# EXERCISE BRIEF
Return the whole listing exactly, omitting the pictures.

# PROVIDED DATA
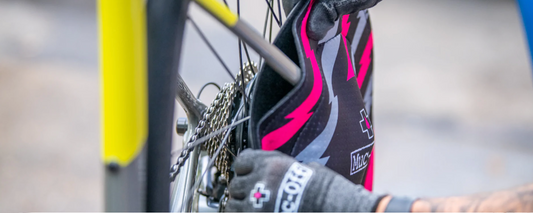 Muc-Off Disc Brake Cover - Bolt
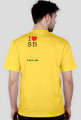 I heart Super Barteek
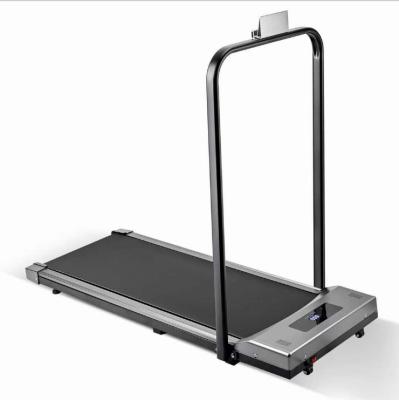 China Running SNR Curve Treadmill For Eco-friendly Cardio Box Commercial Machine Sport Equipment Manual Treadmill Mission Y600 for sale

# SOLUTION TO THE EXERCISE
 Muc-Off Disc Brake Cover - Bolt
 I heart Super Barteek
 China Running SNR Curve Treadmill For Eco-friendly Cardio Box Commercial Machine Sport Equipment Manual Treadmill Mission Y600 for sale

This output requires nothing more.